2.3. Data Preprocessing and High-Level Feature Extraction

Before data were fed to the LSTM network, we performed a series of preprocessing operations, including data segmentation, extraction of annotated strides, and length alignment. First, we split the inertial sensor data according to the step event. For each segment, we extracted the sensor data and corresponding ground truth of the stride-length to generate the training data and labels. We normalized the readings from the accelerometer and gyroscope with respect to the respective sensor ranges. Figure 4a shows the histograms of the sensor-reading number over each stride. From the figure, we can see that the mean and deviation of the stride-length are 122.2 and 15.6, respectively. We inferred that the average time for each stride was 1.22 s since the sampling rate was set to 100 Hz. Figure 4b demonstrates that the sensor-reading number of the 99th percentile of each stride was less than 200. Therefore, 300 samples (3 s) of each stride were enough to cover different walking speeds except static.
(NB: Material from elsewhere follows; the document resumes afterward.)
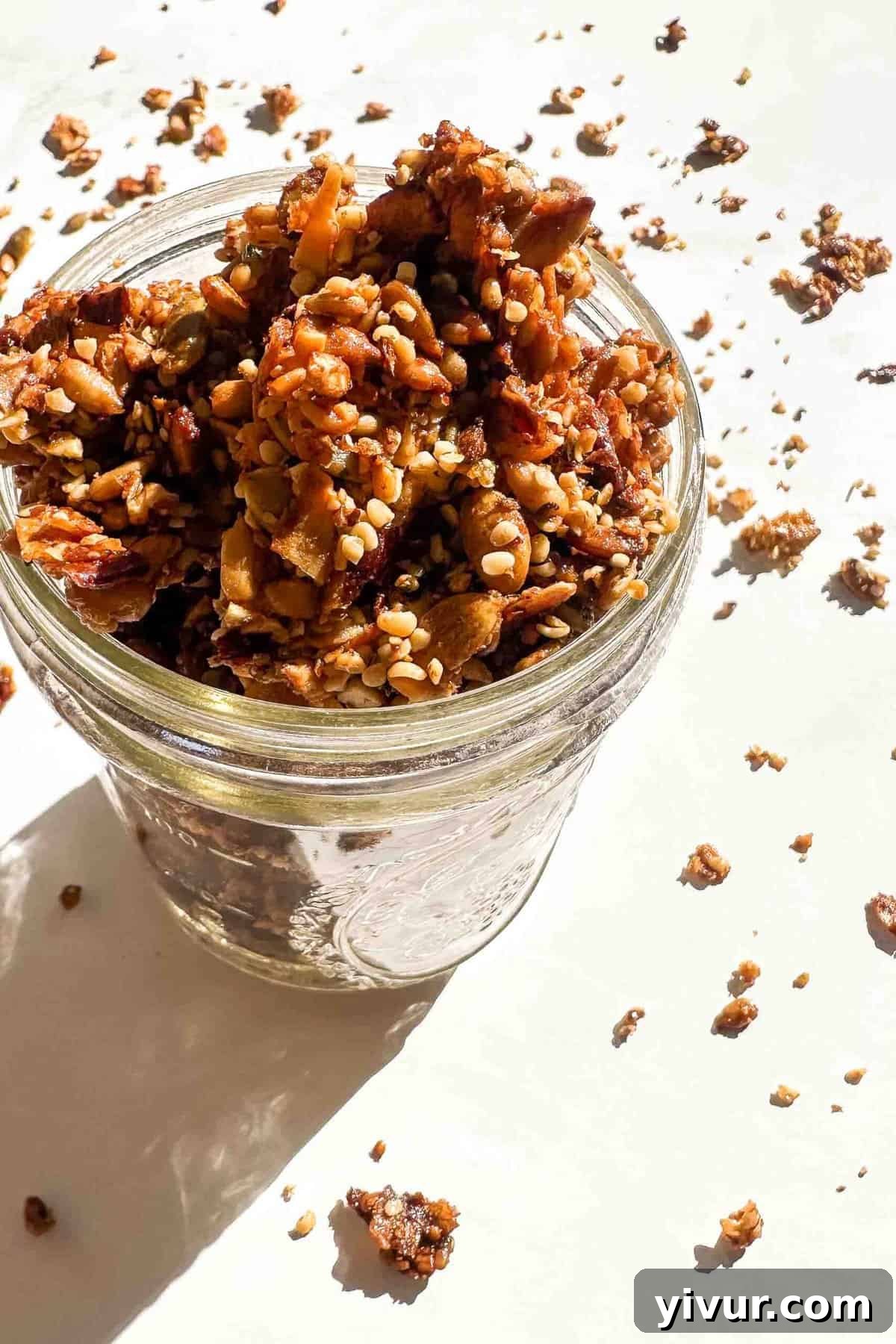 a mason jar filled with grain free granola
To ensure equally scaled and fixed-size input to the network, we infinity-padded or intercepted the sensor samples per stride to a fixed length of 300. Preprocessed data x_i,j contain i = 1, …, 300 samples and j = 1, …, 6 channels.
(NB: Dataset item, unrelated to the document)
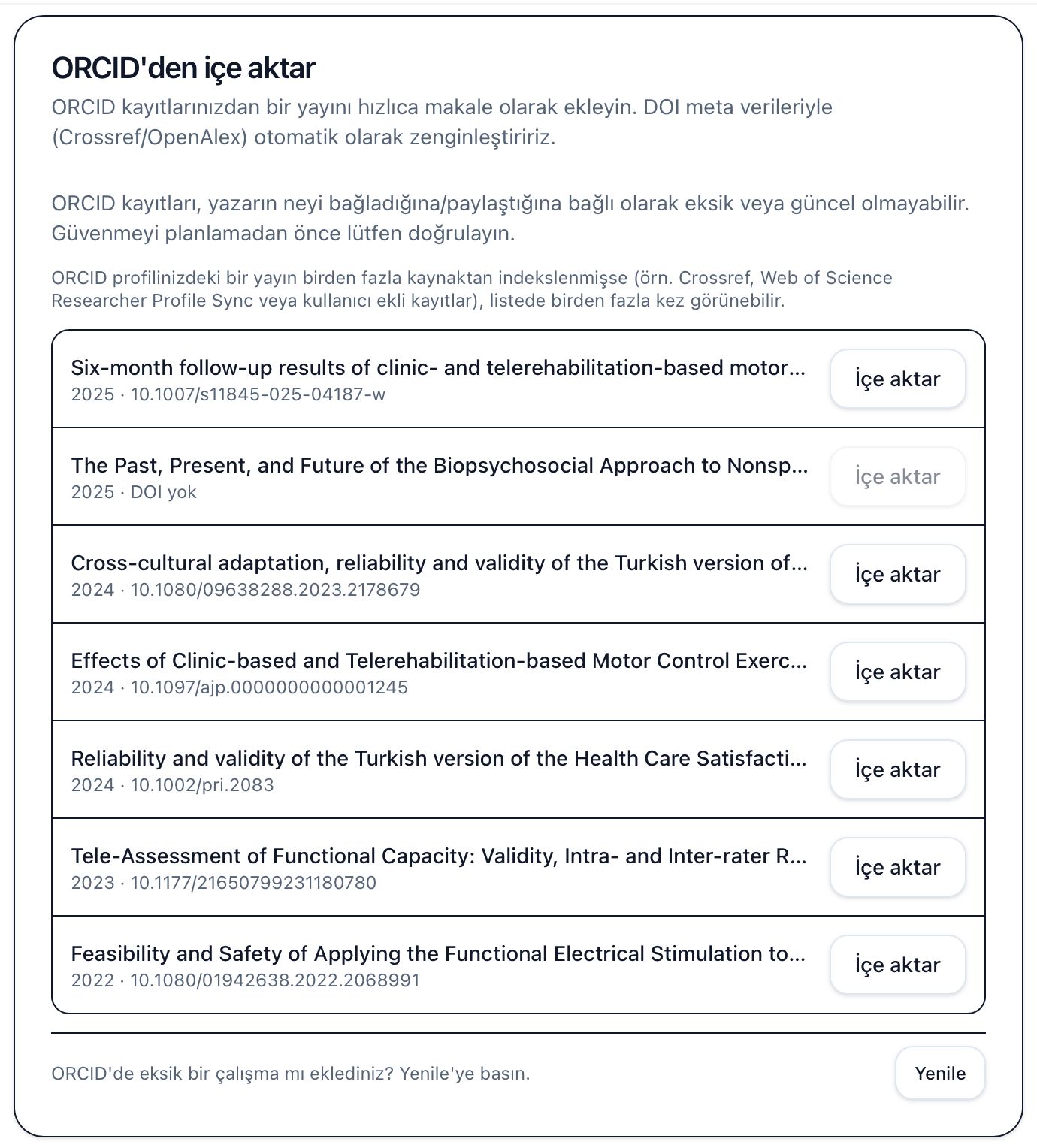 Screenshot: Import article from Orcid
After data preprocessing, we extracted higher-level features based on excellent early studies including Weinberg [36], Kim [37], Ladetto [34] and Scarlett [50] according to the following equations:

$$Weinberg=K\times \sqrt[4]{a_{\max }-a_{\min }}$$

(1)

$$Kim=K\times \sqrt[3]{\frac{{\displaystyle \sum _{i=1}^N\left|a_i\right|}}{N}}$$

(2)

$$Ladetto=\alpha \times \mathrm{f}+\beta \times \mathrm{v}+\gamma$$

(3)

$$Scarlett=K\times \frac{\frac{{\displaystyle {\sum }_{i=1}^N\left|a_i\right|}}{N}-a_{\min }}{a_{\max }-a_{\min }}$$

(4)

where K denotes the calibration coefficient that is obtained by the ratio of the real distance and the estimated distance. $a_{\max }$ and $a_{\min }$ denote the maximum and minimum acceleration values on the Z-axis in each stride, respectively. $a_i$ represents the measured acceleration value of the $i^{th}$ sample in each stride. f and v denote step frequency and acceleration variance, respectively. α and β denote the weighting factors of step frequency and acceleration variance, respectively. γ represents a constant.
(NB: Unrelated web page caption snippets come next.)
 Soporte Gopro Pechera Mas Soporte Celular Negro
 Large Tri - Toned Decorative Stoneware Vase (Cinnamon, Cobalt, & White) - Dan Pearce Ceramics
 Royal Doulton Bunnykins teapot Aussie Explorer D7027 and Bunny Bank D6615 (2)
As shown in Figure 5, we construct stride data using the six channels of raw inertial information (the silver numbers) over a stride as well as the four extracted high-level features (the yellow numbers). The red number is the motion distance of each stride from the FM-INS module. After that, the constructed stride data will be fed to the neural network described later.

2.4. Stride-Length Estimation Model

Our proposed solution for stride-length estimation is composed of three parts for three steps, as shown in Figure 6: (1) A pure LSTM model which contains two LSTM layers and four fully connected layers, which is first trained to get a relatively optimal weights distribution of LSTM. (2) A DAE model including the two LSTM layers in (1), keeping them untrainable, and a Dropout-Encoder-Decoder module, which is trained to get a noise-robust encoder. (3) The final regression model built by adding a regression module with three fully connected layers to the encoder we got, of which all the layers are fine-tuned.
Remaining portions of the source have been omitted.